Sweeney Todd

A Final Cut Above: Pace University’s Sweeney Todd Closes with Precision and Power

There is a particular electricity to a closing performance, a sense that the work has settled into itself and is now ready to take a final, confident breath. That was unmistakably present on April 18 at Pace University’s Sands College of the Performing Arts, where Sweeney Todd: The Demon Barber of Fleet Street concluded its run with a production that felt not like a student exercise, but a fully realized piece of musical theatre.

Directed by L. Morgan Lee with music direction by Tom Vendafreddo, the production understood something essential about Sondheim’s masterpiece: precision is not the enemy of passion, it is its vessel. The score was handled with admirable clarity and discipline, allowing the dense counterpoint and shifting tonalities to land cleanly without sacrificing emotional weight. The orchestra, compact but effective, supported rather than overwhelmed, a balance many professional productions struggle to achieve.

What distinguished the evening most, however, was the acting. This was not a cast content to indicate. They committed fully to the moral rot and dark humor that make Sweeney Todd endure. Denver Dickenson, Jr. approached the title role with a grounded intensity, avoiding caricature in favor of something more unsettling. His Sweeney was less a gothic figure and more a man hollowed out by obsession, which made his violence feel disturbingly inevitable.
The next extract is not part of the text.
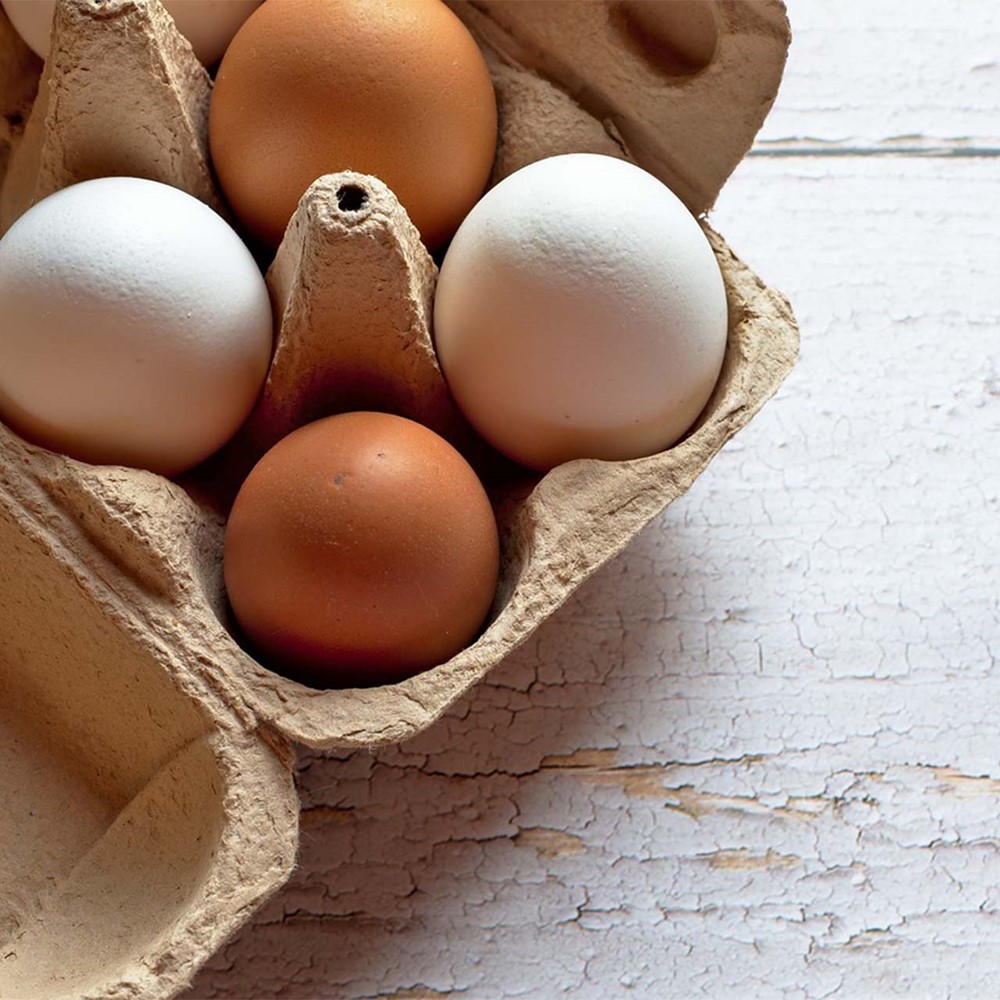 <p>Ägg i äggkartong.</p>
Hope Hill’s Mrs. Lovett provided a deft counterbalance, finding humor not in broadness but in specificity. There was calculation beneath the warmth, survival beneath the charm. The dynamic between Hill and Dickenson anchored the production, giving it a pulse that carried through even the most elaborate ensemble sequences.

Yet the true standout of the evening, and the performance that lingered after the final chord, was Santiago Pinkney as Tobias Ragg. Pinkney delivered a portrayal of remarkable sensitivity and control. Tobias can easily tip into sentimentality, but here he was rendered with a quiet, aching sincerity that made his trajectory all the more devastating. His vocal work was clear and expressive, but it was the stillness, the listening, the careful emotional calibration that elevated the performance. It is rare to see such restraint from a young actor, and rarer still for that restraint to command the stage so completely.

The supporting cast, including Carson Worthy’s earnest Anthony and Erin Rose Doyle’s luminous Johanna, contributed to a cohesive ensemble that understood the tonal tightrope the material demands. Even smaller roles were treated with intention, reinforcing a world that felt fully inhabited rather than assembled.

Technically, the production was equally assured. The design elements worked in concert to create a stark, functional environment that served the storytelling. Lighting and staging choices emphasized mood without calling undue attention to themselves, and the choreography by Kay Noelle and Matt Rees was integrated rather than ornamental.

If there was any lingering sense throughout the evening, it was one of promise. Not in the vague, polite way often applied to student work, but in the tangible, undeniable sense that many of the artists on that stage are already operating at a professional level.

Pace University’s Sweeney Todd did not feel like a training ground production. It felt like a company of artists taking on a formidable work and meeting it head-on, with intelligence, discipline, and genuine artistry.